§ **Aim of the task**:
Would you transcribe all of the data exactly, down to the last character?

Data excerpts:
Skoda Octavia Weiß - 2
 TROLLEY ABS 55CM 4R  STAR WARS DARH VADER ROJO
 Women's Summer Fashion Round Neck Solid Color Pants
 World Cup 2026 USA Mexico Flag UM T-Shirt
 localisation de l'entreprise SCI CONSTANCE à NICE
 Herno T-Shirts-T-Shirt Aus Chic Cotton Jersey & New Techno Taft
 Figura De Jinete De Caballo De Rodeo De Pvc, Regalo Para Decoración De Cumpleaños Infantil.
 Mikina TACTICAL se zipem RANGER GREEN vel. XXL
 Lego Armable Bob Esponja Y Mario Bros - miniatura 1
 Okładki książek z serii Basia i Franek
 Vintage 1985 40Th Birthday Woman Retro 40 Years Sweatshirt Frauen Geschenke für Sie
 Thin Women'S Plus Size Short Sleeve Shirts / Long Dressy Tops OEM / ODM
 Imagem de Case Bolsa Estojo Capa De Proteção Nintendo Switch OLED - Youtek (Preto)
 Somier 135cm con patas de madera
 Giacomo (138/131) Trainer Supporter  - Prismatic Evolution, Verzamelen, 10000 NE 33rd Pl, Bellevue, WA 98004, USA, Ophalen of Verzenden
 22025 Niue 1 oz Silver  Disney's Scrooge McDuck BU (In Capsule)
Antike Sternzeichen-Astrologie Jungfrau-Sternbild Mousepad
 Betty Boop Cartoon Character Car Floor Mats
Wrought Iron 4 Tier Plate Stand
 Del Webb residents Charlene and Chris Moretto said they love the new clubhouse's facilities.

§ **Answer to this task**:
Skoda Octavia Weiß - 2
 TROLLEY ABS 55CM 4R  STAR WARS DARH VADER ROJO
 Women's Summer Fashion Round Neck Solid Color Pants
 World Cup 2026 USA Mexico Flag UM T-Shirt
 localisation de l'entreprise SCI CONSTANCE à NICE
 Herno T-Shirts-T-Shirt Aus Chic Cotton Jersey & New Techno Taft
 Figura De Jinete De Caballo De Rodeo De Pvc, Regalo Para Decoración De Cumpleaños Infantil.
 Mikina TACTICAL se zipem RANGER GREEN vel. XXL
 Lego Armable Bob Esponja Y Mario Bros - miniatura 1
 Okładki książek z serii Basia i Franek
 Vintage 1985 40Th Birthday Woman Retro 40 Years Sweatshirt Frauen Geschenke für Sie
 Thin Women'S Plus Size Short Sleeve Shirts / Long Dressy Tops OEM / ODM
 Imagem de Case Bolsa Estojo Capa De Proteção Nintendo Switch OLED - Youtek (Preto)
 Somier 135cm con patas de madera
 Giacomo (138/131) Trainer Supporter  - Prismatic Evolution, Verzamelen, 10000 NE 33rd Pl, Bellevue, WA 98004, USA, Ophalen of Verzenden
 22025 Niue 1 oz Silver  Disney's Scrooge McDuck BU (In Capsule)
Antike Sternzeichen-Astrologie Jungfrau-Sternbild Mousepad
 Betty Boop Cartoon Character Car Floor Mats
Wrought Iron 4 Tier Plate Stand
 Del Webb residents Charlene and Chris Moretto said they love the new clubhouse's facilities.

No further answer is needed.